Comment ces croyants sont-ils perçus par les autres militants écolo et par les institutions religieuses ? Du côté de GreenFaith, « les gens ne comprennent pas vraiment notre positionnement, explique Hala, amusée, ils ont l’image d’une organisation “new age” et se disent “on ne sait jamais ce qu’ils font !” ».

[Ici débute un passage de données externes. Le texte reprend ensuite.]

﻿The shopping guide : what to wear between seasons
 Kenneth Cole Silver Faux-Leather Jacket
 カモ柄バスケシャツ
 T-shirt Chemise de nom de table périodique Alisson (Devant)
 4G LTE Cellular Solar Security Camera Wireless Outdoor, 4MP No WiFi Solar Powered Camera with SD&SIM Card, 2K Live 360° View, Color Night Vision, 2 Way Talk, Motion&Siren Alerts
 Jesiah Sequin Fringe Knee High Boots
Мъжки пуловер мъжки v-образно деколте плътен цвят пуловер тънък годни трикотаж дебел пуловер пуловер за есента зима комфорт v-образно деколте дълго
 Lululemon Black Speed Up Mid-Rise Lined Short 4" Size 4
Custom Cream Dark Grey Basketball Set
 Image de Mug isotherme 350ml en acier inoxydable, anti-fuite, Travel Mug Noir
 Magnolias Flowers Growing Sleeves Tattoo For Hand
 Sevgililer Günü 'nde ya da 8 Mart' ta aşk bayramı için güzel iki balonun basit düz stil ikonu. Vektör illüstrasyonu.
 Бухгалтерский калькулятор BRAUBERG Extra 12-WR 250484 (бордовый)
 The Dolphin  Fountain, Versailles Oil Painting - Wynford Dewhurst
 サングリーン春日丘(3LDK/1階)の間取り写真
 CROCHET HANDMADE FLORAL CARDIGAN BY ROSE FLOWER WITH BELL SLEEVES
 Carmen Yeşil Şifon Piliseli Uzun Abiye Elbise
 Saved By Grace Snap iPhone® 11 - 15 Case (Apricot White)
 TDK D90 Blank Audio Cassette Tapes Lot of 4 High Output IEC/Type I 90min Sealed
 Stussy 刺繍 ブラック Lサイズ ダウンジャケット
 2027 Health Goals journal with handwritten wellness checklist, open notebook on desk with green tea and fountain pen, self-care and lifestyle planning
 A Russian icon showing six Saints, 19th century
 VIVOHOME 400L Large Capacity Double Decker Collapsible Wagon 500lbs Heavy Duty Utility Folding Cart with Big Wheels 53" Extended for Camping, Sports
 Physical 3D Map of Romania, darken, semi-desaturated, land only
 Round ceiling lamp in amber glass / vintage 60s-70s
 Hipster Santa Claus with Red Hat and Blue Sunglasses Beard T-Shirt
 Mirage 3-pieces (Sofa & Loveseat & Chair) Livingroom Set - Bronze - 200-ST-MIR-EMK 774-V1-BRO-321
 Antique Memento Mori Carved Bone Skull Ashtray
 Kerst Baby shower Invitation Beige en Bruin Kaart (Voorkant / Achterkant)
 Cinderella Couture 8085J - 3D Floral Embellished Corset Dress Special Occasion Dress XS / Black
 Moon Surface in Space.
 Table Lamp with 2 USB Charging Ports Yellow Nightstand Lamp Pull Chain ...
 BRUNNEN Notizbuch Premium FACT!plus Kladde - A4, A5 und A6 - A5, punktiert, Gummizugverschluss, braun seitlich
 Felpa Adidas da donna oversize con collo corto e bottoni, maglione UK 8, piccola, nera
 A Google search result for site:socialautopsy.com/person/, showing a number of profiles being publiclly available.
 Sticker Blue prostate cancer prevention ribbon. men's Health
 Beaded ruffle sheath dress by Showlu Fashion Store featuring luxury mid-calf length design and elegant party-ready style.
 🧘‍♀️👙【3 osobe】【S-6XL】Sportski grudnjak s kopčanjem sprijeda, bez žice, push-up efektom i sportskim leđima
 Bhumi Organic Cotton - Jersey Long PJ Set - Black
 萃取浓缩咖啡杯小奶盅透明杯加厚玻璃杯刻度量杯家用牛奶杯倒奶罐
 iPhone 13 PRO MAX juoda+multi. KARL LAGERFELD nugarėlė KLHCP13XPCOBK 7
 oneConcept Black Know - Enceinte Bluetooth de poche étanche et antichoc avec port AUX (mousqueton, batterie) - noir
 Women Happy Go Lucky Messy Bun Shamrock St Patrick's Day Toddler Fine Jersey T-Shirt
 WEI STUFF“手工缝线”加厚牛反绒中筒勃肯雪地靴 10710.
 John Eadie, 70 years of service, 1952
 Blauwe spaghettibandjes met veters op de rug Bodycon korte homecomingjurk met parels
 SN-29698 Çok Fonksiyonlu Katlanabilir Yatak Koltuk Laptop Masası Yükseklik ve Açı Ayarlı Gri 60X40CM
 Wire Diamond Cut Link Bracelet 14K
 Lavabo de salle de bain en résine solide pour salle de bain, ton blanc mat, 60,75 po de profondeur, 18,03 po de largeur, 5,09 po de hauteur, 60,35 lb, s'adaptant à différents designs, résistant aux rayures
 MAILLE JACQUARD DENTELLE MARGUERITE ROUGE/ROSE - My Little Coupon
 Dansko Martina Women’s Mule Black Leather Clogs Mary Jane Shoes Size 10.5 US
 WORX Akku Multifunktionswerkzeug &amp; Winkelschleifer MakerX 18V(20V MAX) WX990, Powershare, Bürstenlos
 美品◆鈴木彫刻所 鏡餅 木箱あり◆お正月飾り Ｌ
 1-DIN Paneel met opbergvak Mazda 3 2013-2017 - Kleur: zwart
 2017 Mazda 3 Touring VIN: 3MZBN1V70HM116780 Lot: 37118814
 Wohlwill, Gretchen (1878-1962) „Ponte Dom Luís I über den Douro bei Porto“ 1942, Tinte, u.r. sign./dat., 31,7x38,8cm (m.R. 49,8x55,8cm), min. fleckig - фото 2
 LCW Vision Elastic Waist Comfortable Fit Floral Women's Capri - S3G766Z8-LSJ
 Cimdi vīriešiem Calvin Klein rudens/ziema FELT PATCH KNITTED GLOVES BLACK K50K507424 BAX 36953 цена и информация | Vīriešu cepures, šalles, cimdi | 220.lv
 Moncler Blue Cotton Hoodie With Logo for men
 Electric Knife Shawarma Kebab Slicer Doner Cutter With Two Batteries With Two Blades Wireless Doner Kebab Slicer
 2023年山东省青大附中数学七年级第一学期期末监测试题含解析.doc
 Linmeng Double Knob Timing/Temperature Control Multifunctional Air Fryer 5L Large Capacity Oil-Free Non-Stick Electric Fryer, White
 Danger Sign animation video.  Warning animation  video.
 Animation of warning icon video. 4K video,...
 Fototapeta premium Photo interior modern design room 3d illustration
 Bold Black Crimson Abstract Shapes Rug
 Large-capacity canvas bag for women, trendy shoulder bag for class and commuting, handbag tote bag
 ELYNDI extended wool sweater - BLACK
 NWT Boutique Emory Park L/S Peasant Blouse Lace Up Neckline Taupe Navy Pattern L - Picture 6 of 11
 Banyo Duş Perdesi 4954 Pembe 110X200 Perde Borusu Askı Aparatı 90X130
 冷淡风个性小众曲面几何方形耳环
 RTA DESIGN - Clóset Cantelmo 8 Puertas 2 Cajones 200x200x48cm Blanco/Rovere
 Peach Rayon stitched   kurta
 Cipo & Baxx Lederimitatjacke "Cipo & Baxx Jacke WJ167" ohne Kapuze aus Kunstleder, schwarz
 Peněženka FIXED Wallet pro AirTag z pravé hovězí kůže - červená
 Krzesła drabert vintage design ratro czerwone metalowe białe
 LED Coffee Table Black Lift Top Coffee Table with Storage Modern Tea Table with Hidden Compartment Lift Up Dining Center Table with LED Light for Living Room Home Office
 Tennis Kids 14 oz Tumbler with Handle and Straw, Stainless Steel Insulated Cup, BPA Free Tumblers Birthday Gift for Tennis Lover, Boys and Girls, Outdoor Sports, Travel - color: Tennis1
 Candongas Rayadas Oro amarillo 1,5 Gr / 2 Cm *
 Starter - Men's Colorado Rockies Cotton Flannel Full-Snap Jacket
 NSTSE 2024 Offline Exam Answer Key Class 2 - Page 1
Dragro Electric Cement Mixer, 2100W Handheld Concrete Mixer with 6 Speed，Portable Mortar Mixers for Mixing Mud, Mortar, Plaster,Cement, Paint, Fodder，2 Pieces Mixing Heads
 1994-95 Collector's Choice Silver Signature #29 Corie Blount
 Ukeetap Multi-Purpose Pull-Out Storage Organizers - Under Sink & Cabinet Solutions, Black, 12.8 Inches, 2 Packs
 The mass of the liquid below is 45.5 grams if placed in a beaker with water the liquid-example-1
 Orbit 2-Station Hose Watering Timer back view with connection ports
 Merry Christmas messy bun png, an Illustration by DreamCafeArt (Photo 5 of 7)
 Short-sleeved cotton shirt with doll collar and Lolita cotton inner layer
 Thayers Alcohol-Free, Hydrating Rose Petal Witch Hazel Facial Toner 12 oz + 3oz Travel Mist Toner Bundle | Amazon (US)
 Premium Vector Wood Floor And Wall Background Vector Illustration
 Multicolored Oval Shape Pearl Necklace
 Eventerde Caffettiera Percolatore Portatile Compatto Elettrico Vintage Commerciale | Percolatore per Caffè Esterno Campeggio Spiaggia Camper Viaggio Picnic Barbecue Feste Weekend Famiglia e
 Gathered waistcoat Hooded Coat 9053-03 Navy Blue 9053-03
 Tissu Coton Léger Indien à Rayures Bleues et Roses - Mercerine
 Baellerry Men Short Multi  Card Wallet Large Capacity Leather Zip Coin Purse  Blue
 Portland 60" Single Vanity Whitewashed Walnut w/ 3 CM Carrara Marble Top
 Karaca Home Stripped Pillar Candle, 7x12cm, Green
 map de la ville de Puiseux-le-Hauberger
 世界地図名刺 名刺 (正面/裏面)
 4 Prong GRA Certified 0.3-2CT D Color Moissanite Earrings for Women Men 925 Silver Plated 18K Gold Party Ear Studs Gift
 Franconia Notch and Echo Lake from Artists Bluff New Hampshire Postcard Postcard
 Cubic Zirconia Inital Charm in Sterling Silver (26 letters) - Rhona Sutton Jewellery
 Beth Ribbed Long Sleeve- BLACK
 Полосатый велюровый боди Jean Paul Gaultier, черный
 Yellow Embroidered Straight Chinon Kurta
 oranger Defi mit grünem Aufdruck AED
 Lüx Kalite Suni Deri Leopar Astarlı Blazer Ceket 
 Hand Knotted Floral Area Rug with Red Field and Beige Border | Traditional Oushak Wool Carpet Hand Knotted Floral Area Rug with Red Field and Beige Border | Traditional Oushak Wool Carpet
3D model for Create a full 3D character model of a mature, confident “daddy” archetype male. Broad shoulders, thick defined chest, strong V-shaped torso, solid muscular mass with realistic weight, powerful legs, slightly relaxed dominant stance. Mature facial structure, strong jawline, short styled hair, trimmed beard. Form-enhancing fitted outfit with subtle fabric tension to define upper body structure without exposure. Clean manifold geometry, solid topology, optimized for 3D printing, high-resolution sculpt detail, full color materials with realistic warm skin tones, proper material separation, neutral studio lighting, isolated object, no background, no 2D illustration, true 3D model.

Du côté des institutions religieuses, l’organisation tisse des relations. « Martin Kopp (théologien et président de la commission Écologie et justice climatique de la FPF, ndlr) est membre de GreenFaith et fait partie de la Fédération Protestante de France, rappelle Hala, on a un panel de religieux de plus en plus large. C’est d’ailleurs une volonté de l’organisation d’avoir des personnalités religieuses en habits sur nos actions. »
Voilà de quoi nous donner matière à réfléchir sur ce que cela signifie de mettre sa foi en action.